[[ Record extracts, beginning ]]
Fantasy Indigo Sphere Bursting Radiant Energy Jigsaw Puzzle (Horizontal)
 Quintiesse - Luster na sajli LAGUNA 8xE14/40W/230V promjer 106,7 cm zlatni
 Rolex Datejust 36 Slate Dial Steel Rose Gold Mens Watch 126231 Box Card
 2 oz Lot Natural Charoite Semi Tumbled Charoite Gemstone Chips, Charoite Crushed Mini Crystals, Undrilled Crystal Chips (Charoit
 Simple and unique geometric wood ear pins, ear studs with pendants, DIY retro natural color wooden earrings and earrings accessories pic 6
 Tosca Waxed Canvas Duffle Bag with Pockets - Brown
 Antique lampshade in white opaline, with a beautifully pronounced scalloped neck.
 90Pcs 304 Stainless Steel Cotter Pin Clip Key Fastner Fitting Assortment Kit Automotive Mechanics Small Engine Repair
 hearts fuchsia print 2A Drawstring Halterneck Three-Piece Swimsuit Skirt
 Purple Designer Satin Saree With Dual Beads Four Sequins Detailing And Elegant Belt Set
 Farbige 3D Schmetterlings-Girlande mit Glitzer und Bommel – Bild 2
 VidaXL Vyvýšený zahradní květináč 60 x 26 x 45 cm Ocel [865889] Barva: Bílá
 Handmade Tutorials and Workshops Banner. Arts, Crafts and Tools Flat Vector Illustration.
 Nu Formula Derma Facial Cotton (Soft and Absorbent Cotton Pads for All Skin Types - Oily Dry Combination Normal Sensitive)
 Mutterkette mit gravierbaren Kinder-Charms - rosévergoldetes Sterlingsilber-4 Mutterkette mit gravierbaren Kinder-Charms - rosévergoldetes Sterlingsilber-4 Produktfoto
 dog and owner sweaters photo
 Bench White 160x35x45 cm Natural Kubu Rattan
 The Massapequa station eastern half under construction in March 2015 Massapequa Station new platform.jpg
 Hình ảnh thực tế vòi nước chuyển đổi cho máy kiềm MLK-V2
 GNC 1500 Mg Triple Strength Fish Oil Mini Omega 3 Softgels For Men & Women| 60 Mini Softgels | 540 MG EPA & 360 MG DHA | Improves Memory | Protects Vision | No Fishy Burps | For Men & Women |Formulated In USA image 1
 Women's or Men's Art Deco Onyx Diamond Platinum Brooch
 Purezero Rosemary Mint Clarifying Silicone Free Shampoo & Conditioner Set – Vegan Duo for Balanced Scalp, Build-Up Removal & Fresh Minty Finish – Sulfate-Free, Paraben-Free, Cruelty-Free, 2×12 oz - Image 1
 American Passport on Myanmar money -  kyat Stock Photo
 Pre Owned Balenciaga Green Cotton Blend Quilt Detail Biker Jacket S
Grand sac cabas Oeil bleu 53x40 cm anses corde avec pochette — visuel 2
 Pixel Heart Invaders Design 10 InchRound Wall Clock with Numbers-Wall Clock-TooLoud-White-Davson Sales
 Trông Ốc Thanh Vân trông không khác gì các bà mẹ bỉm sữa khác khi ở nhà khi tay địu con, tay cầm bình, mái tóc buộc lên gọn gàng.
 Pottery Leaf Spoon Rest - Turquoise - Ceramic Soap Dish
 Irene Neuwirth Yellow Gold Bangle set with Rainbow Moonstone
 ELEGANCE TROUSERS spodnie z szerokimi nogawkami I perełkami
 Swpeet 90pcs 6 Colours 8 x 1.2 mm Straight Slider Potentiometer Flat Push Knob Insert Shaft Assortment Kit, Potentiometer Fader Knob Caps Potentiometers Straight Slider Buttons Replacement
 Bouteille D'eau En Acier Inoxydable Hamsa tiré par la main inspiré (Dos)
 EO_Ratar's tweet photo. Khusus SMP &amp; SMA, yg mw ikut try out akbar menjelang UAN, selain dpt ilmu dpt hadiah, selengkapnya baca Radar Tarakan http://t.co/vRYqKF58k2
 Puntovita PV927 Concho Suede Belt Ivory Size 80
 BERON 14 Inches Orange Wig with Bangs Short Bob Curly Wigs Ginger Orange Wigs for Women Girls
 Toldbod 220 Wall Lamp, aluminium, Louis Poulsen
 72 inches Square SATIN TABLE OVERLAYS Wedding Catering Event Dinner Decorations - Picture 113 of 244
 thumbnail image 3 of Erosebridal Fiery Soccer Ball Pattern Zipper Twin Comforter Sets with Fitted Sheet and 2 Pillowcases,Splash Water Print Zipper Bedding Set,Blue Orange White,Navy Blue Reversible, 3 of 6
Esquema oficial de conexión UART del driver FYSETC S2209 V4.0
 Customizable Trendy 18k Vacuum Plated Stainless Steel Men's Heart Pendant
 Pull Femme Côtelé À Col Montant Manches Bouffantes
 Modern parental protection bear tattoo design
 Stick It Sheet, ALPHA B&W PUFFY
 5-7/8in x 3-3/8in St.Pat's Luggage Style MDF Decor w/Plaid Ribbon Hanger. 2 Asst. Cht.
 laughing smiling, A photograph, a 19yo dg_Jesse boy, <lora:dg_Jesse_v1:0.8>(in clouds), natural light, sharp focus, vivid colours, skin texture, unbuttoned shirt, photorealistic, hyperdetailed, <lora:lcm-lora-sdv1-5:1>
[[ Record extracts, end ]]
Your task -
Copy the entire listing, keeping each line exactly as it is.

Solution to the exercise -
Fantasy Indigo Sphere Bursting Radiant Energy Jigsaw Puzzle (Horizontal)
 Quintiesse - Luster na sajli LAGUNA 8xE14/40W/230V promjer 106,7 cm zlatni
 Rolex Datejust 36 Slate Dial Steel Rose Gold Mens Watch 126231 Box Card
 2 oz Lot Natural Charoite Semi Tumbled Charoite Gemstone Chips, Charoite Crushed Mini Crystals, Undrilled Crystal Chips (Charoit
 Simple and unique geometric wood ear pins, ear studs with pendants, DIY retro natural color wooden earrings and earrings accessories pic 6
 Tosca Waxed Canvas Duffle Bag with Pockets - Brown
 Antique lampshade in white opaline, with a beautifully pronounced scalloped neck.
 90Pcs 304 Stainless Steel Cotter Pin Clip Key Fastner Fitting Assortment Kit Automotive Mechanics Small Engine Repair
 hearts fuchsia print 2A Drawstring Halterneck Three-Piece Swimsuit Skirt
 Purple Designer Satin Saree With Dual Beads Four Sequins Detailing And Elegant Belt Set
 Farbige 3D Schmetterlings-Girlande mit Glitzer und Bommel – Bild 2
 VidaXL Vyvýšený zahradní květináč 60 x 26 x 45 cm Ocel [865889] Barva: Bílá
 Handmade Tutorials and Workshops Banner. Arts, Crafts and Tools Flat Vector Illustration.
 Nu Formula Derma Facial Cotton (Soft and Absorbent Cotton Pads for All Skin Types - Oily Dry Combination Normal Sensitive)
 Mutterkette mit gravierbaren Kinder-Charms - rosévergoldetes Sterlingsilber-4 Mutterkette mit gravierbaren Kinder-Charms - rosévergoldetes Sterlingsilber-4 Produktfoto
 dog and owner sweaters photo
 Bench White 160x35x45 cm Natural Kubu Rattan
 The Massapequa station eastern half under construction in March 2015 Massapequa Station new platform.jpg
 Hình ảnh thực tế vòi nước chuyển đổi cho máy kiềm MLK-V2
 GNC 1500 Mg Triple Strength Fish Oil Mini Omega 3 Softgels For Men & Women| 60 Mini Softgels | 540 MG EPA & 360 MG DHA | Improves Memory | Protects Vision | No Fishy Burps | For Men & Women |Formulated In USA image 1
 Women's or Men's Art Deco Onyx Diamond Platinum Brooch
 Purezero Rosemary Mint Clarifying Silicone Free Shampoo & Conditioner Set – Vegan Duo for Balanced Scalp, Build-Up Removal & Fresh Minty Finish – Sulfate-Free, Paraben-Free, Cruelty-Free, 2×12 oz - Image 1
 American Passport on Myanmar money -  kyat Stock Photo
 Pre Owned Balenciaga Green Cotton Blend Quilt Detail Biker Jacket S
Grand sac cabas Oeil bleu 53x40 cm anses corde avec pochette — visuel 2
 Pixel Heart Invaders Design 10 InchRound Wall Clock with Numbers-Wall Clock-TooLoud-White-Davson Sales
 Trông Ốc Thanh Vân trông không khác gì các bà mẹ bỉm sữa khác khi ở nhà khi tay địu con, tay cầm bình, mái tóc buộc lên gọn gàng.
 Pottery Leaf Spoon Rest - Turquoise - Ceramic Soap Dish
 Irene Neuwirth Yellow Gold Bangle set with Rainbow Moonstone
 ELEGANCE TROUSERS spodnie z szerokimi nogawkami I perełkami
 Swpeet 90pcs 6 Colours 8 x 1.2 mm Straight Slider Potentiometer Flat Push Knob Insert Shaft Assortment Kit, Potentiometer Fader Knob Caps Potentiometers Straight Slider Buttons Replacement
 Bouteille D'eau En Acier Inoxydable Hamsa tiré par la main inspiré (Dos)
 EO_Ratar's tweet photo. Khusus SMP &amp; SMA, yg mw ikut try out akbar menjelang UAN, selain dpt ilmu dpt hadiah, selengkapnya baca Radar Tarakan http://t.co/vRYqKF58k2
 Puntovita PV927 Concho Suede Belt Ivory Size 80
 BERON 14 Inches Orange Wig with Bangs Short Bob Curly Wigs Ginger Orange Wigs for Women Girls
 Toldbod 220 Wall Lamp, aluminium, Louis Poulsen
 72 inches Square SATIN TABLE OVERLAYS Wedding Catering Event Dinner Decorations - Picture 113 of 244
 thumbnail image 3 of Erosebridal Fiery Soccer Ball Pattern Zipper Twin Comforter Sets with Fitted Sheet and 2 Pillowcases,Splash Water Print Zipper Bedding Set,Blue Orange White,Navy Blue Reversible, 3 of 6
Esquema oficial de conexión UART del driver FYSETC S2209 V4.0
 Customizable Trendy 18k Vacuum Plated Stainless Steel Men's Heart Pendant
 Pull Femme Côtelé À Col Montant Manches Bouffantes
 Modern parental protection bear tattoo design
 Stick It Sheet, ALPHA B&W PUFFY
 5-7/8in x 3-3/8in St.Pat's Luggage Style MDF Decor w/Plaid Ribbon Hanger. 2 Asst. Cht.
 laughing smiling, A photograph, a 19yo dg_Jesse boy, <lora:dg_Jesse_v1:0.8>(in clouds), natural light, sharp focus, vivid colours, skin texture, unbuttoned shirt, photorealistic, hyperdetailed, <lora:lcm-lora-sdv1-5:1>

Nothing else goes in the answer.